══ Dataset entries ══
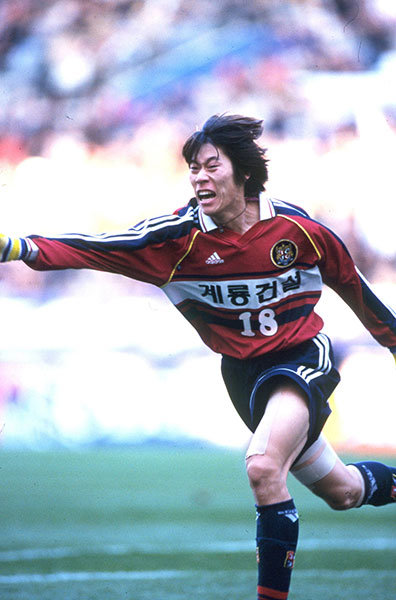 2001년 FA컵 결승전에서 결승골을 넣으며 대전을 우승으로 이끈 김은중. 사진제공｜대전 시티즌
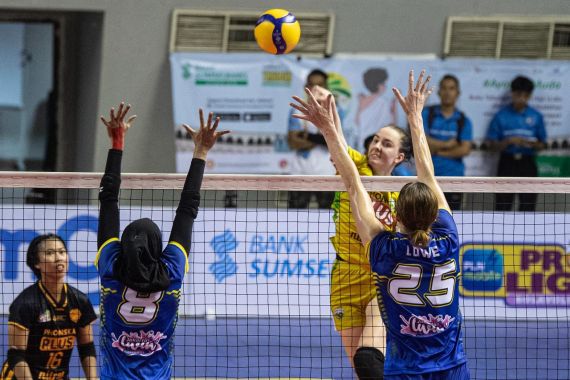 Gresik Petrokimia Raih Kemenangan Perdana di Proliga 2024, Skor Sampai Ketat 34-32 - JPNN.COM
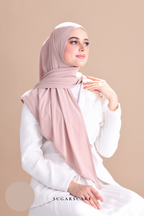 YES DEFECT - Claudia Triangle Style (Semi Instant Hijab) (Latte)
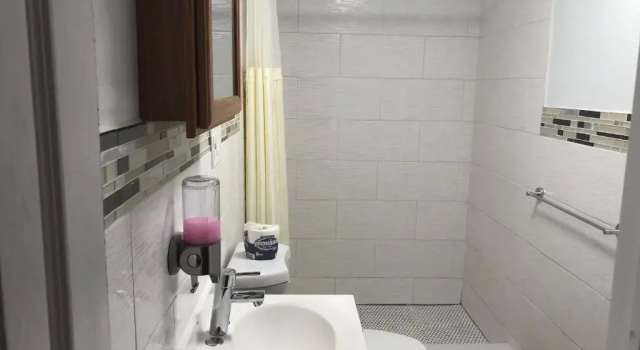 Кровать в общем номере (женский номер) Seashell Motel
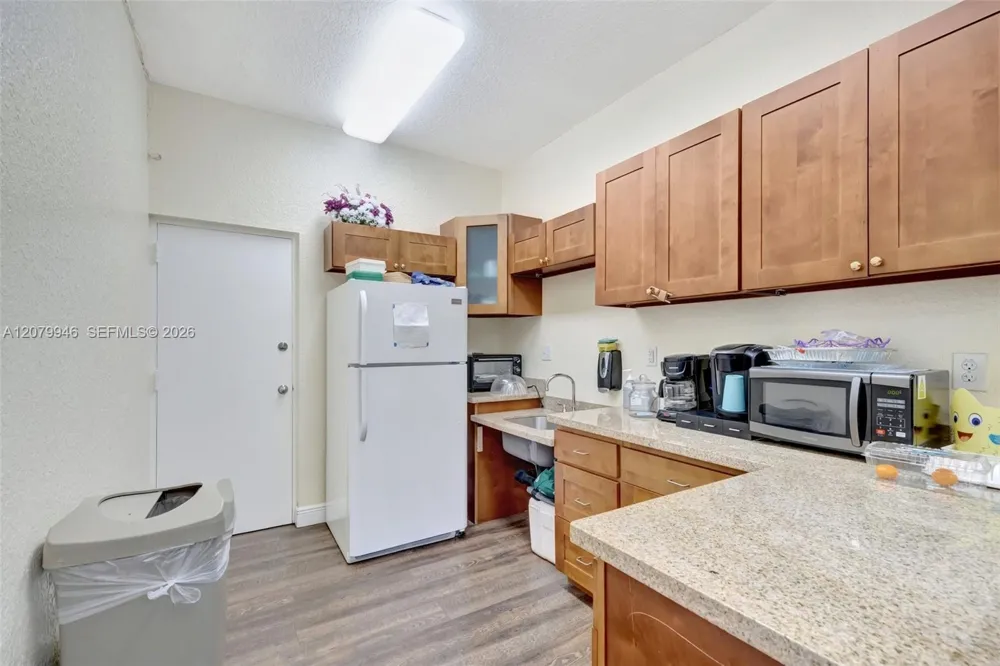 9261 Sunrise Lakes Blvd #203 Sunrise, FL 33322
═══
**Problem to solve:** Give back the whole of the material exactly, with the pictures removed.

**Response to this task:**
 2001년 FA컵 결승전에서 결승골을 넣으며 대전을 우승으로 이끈 김은중. 사진제공｜대전 시티즌
 Gresik Petrokimia Raih Kemenangan Perdana di Proliga 2024, Skor Sampai Ketat 34-32 - JPNN.COM
 YES DEFECT - Claudia Triangle Style (Semi Instant Hijab) (Latte)
 Кровать в общем номере (женский номер) Seashell Motel
 9261 Sunrise Lakes Blvd #203 Sunrise, FL 33322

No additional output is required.